Qalb: Largest State-of-the-Art Urdu Large Language Model for 230M Speakers with Systematic Continued Pre-training

TL;DR

Qalb addresses the underrepresentation of Urdu in large language models by starting from LLaMA-3.1 8B-Instruct and applying continued pre-training on a large, diverse Urdu–English corpus, followed by instruction fine-tuning on Alif Urdu-instruct. The approach yields state-of-the-art performance across seven Urdu benchmarks, achieving a weighted average of 90.34 and outperforming prior bests by substantial margins, including a 44.64-point gain over the base model. A 4-bit quantized version demonstrates strong performance with notable memory savings, suggesting practical deployment feasibility. The work validates that extensive language-specific pre-training, paired with targeted fine-tuning, is a scalable strategy for empowering low-resource languages and provides a reproducible methodology for similar languages.

Abstract

Despite remarkable progress in large language models, Urdu-a language spoken by over 230 million people-remains critically underrepresented in modern NLP systems. Existing multilingual models demonstrate poor performance on Urdu-specific tasks, struggling with the language's complex morphology, right-to-left Nastaliq script, and rich literary traditions. Even the base LLaMA-3.1 8B-Instruct model shows limited capability in generating fluent, contextually appropriate Urdu text. We introduce Qalb, an Urdu language model developed through a two-stage approach: continued pre-training followed by supervised fine-tuning. Starting from LLaMA 3.1 8B, we perform continued pre-training on a dataset of 1.97 billion tokens. This corpus comprises 1.84 billion tokens of diverse Urdu text-spanning news archives, classical and contemporary literature, government documents, and social media-combined with 140 million tokens of English Wikipedia data to prevent catastrophic forgetting. We then fine-tune the resulting model on the Alif Urdu-instruct dataset. Through extensive evaluation on Urdu-specific benchmarks, Qalb demonstrates substantial improvements, achieving a weighted average score of 90.34 and outperforming the previous state-of-the-art Alif-1.0-Instruct model (87.1) by 3.24 points, while also surpassing the base LLaMA-3.1 8B-Instruct model by 44.64 points. Qalb achieves state-of-the-art performance with comprehensive evaluation across seven diverse tasks including Classification, Sentiment Analysis, and Reasoning. Our results demonstrate that continued pre-training on diverse, high-quality language data, combined with targeted instruction fine-tuning, effectively adapts foundation models to low-resource languages.
Paper Structure (16 sections, 3 figures, 6 tables)

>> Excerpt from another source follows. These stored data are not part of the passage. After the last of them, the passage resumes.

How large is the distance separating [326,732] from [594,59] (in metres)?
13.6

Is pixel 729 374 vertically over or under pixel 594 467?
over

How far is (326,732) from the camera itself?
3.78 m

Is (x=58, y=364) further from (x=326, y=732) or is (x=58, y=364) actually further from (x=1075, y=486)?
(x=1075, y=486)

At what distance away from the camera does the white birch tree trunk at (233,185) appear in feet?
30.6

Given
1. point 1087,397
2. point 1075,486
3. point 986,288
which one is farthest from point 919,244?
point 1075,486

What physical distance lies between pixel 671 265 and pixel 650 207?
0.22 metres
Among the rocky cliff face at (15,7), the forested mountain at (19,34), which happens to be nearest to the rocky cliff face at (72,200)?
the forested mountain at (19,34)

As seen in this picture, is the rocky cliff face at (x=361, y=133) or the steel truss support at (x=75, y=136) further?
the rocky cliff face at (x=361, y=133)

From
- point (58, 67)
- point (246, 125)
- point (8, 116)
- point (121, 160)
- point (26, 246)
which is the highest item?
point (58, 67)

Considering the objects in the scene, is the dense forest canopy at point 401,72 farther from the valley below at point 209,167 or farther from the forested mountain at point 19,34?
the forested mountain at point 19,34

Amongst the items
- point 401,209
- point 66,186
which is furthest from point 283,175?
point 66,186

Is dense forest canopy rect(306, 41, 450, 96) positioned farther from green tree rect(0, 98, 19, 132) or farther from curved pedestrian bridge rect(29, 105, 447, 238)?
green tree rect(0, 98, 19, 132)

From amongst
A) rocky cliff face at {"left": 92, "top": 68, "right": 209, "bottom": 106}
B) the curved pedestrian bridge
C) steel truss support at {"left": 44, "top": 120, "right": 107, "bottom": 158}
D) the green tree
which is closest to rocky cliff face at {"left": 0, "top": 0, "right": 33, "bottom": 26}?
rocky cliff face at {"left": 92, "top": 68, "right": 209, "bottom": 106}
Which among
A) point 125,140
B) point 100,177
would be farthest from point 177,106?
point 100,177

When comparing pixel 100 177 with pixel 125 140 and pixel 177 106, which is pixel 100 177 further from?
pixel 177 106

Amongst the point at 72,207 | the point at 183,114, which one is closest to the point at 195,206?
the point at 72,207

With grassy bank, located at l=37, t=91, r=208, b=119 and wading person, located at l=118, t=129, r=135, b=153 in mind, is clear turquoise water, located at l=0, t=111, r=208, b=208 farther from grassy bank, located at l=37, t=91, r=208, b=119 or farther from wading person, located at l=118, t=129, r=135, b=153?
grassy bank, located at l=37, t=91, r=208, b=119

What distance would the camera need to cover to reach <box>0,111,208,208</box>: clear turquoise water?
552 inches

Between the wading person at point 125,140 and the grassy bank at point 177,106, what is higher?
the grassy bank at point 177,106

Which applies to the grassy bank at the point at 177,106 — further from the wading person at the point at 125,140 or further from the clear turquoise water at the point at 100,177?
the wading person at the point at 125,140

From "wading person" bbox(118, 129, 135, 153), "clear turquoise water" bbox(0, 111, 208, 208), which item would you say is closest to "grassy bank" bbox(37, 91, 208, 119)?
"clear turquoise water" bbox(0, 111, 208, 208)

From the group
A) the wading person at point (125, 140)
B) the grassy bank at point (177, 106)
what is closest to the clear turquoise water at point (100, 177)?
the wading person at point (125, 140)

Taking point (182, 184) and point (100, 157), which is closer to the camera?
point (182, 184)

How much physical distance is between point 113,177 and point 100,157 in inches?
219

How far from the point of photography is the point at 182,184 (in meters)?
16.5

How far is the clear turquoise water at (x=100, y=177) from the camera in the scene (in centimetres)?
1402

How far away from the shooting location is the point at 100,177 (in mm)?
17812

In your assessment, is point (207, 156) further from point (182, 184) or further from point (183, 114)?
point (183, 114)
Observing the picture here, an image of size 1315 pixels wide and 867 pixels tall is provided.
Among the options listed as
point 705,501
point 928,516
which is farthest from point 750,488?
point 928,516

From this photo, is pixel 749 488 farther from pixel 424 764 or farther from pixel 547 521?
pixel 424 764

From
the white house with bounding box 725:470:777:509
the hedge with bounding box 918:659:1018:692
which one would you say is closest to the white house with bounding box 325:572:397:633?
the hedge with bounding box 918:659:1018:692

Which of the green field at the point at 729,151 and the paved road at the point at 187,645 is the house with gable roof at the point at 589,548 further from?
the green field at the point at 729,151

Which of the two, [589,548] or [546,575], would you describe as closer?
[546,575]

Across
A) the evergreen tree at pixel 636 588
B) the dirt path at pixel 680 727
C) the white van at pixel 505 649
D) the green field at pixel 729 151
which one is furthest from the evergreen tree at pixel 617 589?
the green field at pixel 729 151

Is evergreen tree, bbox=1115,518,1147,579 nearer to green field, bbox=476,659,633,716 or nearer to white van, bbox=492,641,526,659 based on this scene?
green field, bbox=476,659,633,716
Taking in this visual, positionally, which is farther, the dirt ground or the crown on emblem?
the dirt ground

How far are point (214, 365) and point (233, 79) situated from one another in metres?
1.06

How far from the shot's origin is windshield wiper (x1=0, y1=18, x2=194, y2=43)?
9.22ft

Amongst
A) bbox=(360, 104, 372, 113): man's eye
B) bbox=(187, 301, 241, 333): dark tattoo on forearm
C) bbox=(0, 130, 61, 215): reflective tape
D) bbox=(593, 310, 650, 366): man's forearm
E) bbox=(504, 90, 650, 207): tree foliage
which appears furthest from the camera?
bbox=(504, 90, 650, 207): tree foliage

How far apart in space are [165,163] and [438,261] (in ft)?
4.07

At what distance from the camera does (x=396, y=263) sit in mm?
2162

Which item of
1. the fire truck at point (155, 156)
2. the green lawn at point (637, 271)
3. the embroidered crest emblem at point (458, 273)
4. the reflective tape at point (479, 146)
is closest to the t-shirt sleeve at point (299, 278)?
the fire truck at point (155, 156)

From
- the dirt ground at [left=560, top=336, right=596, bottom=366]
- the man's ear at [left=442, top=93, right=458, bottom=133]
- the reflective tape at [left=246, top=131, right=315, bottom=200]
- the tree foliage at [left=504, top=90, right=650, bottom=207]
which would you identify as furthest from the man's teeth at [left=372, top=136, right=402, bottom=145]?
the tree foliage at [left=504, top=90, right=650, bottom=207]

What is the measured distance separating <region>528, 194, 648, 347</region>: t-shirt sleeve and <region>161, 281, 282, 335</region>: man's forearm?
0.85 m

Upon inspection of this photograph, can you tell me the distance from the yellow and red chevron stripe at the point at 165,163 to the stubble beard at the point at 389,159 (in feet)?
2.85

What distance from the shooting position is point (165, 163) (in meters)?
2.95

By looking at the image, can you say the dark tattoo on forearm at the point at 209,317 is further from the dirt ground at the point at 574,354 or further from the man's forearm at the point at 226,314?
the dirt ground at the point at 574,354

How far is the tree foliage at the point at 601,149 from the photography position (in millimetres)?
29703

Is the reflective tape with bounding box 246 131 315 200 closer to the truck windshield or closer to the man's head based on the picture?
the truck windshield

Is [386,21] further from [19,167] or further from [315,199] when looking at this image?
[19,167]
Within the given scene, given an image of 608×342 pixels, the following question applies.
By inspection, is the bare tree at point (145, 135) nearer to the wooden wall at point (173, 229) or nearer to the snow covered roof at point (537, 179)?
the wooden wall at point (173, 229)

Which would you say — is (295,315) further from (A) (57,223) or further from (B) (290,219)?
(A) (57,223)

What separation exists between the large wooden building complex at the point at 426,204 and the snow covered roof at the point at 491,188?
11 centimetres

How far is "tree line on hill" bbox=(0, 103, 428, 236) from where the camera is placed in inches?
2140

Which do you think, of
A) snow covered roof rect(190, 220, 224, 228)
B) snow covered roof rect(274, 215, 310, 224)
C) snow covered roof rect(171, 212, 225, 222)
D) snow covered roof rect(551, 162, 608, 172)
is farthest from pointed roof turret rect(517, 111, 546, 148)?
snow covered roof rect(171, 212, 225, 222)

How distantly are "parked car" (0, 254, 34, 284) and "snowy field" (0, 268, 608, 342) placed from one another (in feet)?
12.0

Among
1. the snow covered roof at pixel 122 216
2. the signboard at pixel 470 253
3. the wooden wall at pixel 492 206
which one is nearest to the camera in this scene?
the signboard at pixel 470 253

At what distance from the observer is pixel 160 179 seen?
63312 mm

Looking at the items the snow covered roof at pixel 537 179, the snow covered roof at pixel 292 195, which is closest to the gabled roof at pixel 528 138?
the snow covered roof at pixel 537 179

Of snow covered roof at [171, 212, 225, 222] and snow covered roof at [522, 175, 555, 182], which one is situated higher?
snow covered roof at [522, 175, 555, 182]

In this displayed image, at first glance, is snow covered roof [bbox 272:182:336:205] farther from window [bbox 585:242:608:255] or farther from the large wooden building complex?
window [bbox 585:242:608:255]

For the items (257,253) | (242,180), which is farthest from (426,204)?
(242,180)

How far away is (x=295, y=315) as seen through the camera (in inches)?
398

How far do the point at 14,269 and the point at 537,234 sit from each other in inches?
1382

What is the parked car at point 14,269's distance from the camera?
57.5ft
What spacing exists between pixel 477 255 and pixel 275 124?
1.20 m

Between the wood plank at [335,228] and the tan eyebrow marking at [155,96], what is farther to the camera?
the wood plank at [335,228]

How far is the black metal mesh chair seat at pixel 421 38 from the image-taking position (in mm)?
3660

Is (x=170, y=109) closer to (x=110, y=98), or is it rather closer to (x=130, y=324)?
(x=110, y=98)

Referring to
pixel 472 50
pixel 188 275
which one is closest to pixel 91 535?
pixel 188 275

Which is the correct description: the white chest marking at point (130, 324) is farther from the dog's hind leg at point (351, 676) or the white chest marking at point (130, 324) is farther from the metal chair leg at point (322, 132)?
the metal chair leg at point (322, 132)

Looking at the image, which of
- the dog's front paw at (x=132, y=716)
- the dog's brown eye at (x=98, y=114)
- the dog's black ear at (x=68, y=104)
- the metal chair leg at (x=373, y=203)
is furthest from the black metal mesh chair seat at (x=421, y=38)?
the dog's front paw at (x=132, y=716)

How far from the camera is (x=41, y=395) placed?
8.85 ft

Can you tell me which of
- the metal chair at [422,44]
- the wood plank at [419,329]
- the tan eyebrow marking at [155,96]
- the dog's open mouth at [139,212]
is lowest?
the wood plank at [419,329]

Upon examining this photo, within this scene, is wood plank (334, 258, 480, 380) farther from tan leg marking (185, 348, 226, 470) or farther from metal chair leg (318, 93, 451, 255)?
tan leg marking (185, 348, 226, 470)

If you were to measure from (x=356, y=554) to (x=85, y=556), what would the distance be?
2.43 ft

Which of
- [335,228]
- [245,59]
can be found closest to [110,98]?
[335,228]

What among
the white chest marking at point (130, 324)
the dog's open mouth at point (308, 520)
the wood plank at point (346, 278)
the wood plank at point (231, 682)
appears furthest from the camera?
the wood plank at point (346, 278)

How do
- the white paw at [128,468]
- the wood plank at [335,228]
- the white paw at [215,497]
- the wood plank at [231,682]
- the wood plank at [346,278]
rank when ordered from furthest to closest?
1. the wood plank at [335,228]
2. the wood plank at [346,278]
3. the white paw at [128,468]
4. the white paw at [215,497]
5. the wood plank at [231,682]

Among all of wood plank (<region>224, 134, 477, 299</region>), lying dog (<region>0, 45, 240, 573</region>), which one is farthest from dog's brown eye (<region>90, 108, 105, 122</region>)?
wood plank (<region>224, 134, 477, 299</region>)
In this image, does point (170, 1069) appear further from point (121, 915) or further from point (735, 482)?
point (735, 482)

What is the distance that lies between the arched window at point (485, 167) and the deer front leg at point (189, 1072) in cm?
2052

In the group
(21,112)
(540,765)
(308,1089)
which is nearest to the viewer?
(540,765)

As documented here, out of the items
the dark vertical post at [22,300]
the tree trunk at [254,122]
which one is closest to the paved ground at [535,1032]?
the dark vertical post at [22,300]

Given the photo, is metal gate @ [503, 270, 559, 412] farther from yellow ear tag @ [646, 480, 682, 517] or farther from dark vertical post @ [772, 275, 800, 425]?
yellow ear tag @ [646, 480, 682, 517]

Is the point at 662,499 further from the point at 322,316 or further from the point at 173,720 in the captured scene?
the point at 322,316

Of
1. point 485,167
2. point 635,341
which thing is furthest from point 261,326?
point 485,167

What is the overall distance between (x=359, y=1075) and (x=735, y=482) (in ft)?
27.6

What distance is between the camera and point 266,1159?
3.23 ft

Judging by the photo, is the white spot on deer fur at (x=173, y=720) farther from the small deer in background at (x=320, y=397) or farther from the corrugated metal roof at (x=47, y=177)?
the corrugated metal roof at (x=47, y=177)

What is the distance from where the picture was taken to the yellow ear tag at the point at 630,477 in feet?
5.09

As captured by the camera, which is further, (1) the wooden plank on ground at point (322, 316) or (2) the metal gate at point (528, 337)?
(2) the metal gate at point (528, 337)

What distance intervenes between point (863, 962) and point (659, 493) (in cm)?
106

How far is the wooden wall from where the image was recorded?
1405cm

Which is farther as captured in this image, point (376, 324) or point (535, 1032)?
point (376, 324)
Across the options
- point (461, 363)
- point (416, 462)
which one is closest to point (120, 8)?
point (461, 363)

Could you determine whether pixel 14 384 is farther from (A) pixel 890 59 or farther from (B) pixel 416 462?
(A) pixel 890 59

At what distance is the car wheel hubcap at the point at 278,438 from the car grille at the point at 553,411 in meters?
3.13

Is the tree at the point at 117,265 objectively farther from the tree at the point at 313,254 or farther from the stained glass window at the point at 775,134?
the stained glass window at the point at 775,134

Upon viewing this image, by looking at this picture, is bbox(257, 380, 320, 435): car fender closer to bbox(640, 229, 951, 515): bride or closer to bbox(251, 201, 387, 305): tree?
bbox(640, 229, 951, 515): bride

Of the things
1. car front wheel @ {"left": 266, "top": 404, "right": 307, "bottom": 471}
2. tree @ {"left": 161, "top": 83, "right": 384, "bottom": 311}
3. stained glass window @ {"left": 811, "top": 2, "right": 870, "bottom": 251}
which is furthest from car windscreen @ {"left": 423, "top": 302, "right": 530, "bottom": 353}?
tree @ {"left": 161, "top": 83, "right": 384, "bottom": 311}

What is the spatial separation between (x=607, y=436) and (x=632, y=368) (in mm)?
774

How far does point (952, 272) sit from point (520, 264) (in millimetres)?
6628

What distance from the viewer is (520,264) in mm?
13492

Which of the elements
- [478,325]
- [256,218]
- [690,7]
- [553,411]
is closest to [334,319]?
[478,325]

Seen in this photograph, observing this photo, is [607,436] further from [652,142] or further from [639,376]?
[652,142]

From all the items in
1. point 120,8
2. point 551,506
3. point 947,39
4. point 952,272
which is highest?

This paper contains 16 sections, 3 figures, 6 tables.

Figures (3)

  • Figure 1: The Qalb Urdu Language Model Development Pipeline. This flowchart visualizes the complete end-to-end process, from data collection and cleaning to continued pre-training, instruction fine-tuning, and final performance evaluation against benchmarks.
  • Figure 2: Training and validation loss progression during continued pre-training on Urdu dataset over 7,500 steps. The blue line shows training loss decreasing from 1.07 to 0.77, while orange points indicate validation loss evaluated at regular intervals, closely tracking the training loss. The red line displays perplexity on the right y-axis, with the first measurement at step 2,500 showing a value of 2.35, indicating substantial Urdu language learning had already occurred in the initial training phase. Perplexity continues declining to approximately 2.20 by step 7,500, demonstrating the model's improving ability to predict Urdu text throughout training.
  • Figure 3: Qualitative comparison of model outputs across representative tasks. The figure displays the original Urdu inputs and outputs from Qalb and Alif, highlighting differences in instruction adherence and generation quality.